___ Supplied entries ___

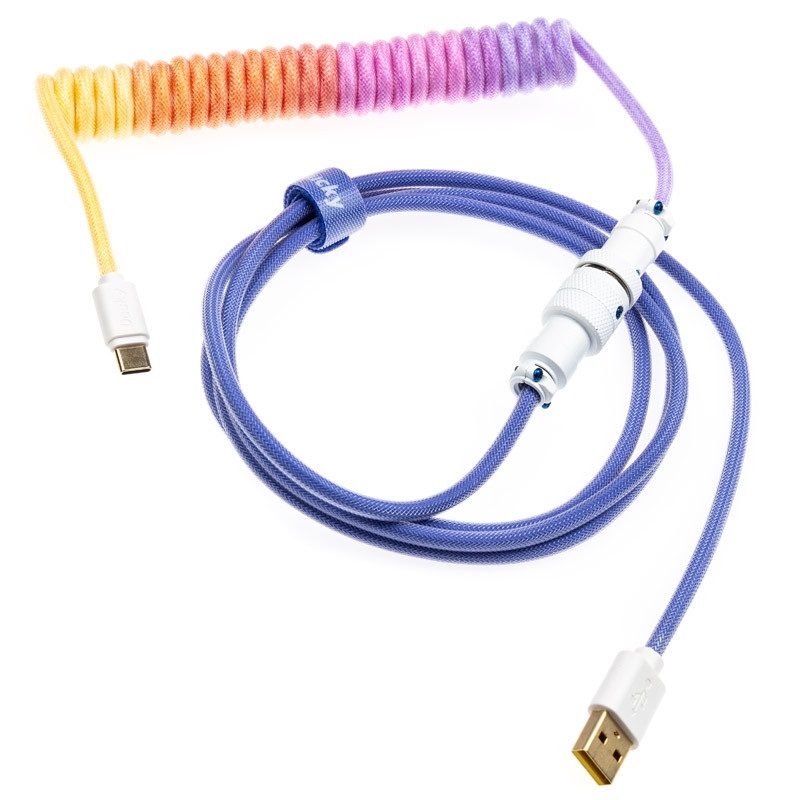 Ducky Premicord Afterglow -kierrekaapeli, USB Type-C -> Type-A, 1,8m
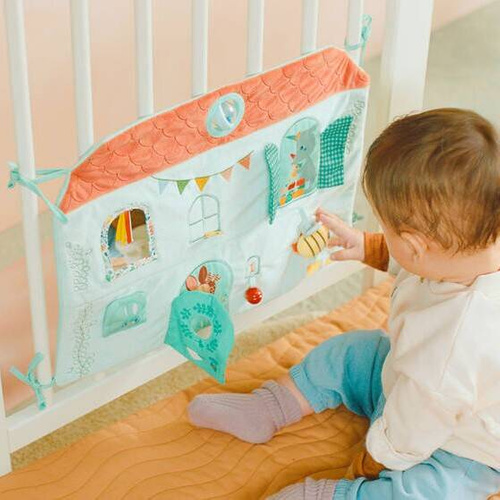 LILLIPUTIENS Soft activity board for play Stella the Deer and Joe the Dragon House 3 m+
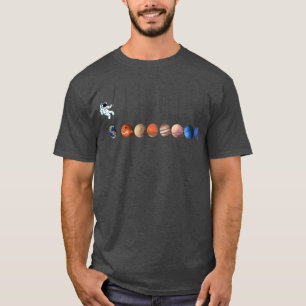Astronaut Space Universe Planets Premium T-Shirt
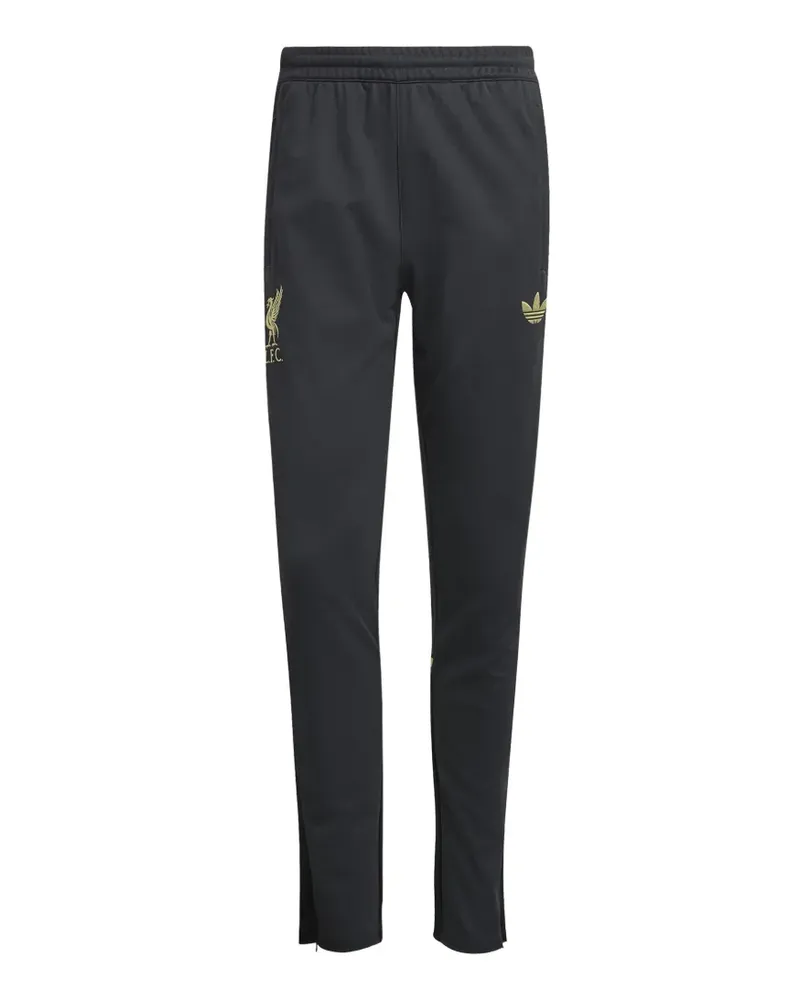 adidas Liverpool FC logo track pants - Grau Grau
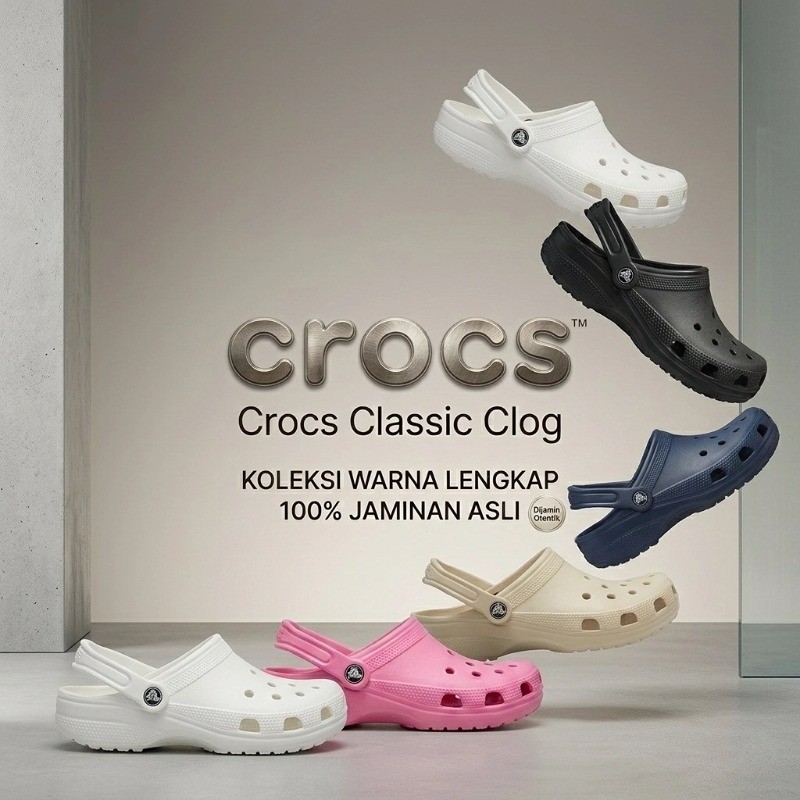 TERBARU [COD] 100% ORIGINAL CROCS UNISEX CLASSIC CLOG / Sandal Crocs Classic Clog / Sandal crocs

___

▶ **Task**
Leave the pictures out, and restate exactly the lines from the start of the records through the one that contains "adidas Liverpool FC".

▶ **Expected output**
 Ducky Premicord Afterglow -kierrekaapeli, USB Type-C -> Type-A, 1,8m
 LILLIPUTIENS Soft activity board for play Stella the Deer and Joe the Dragon House 3 m+
Astronaut Space Universe Planets Premium T-Shirt
 adidas Liverpool FC logo track pants - Grau Grau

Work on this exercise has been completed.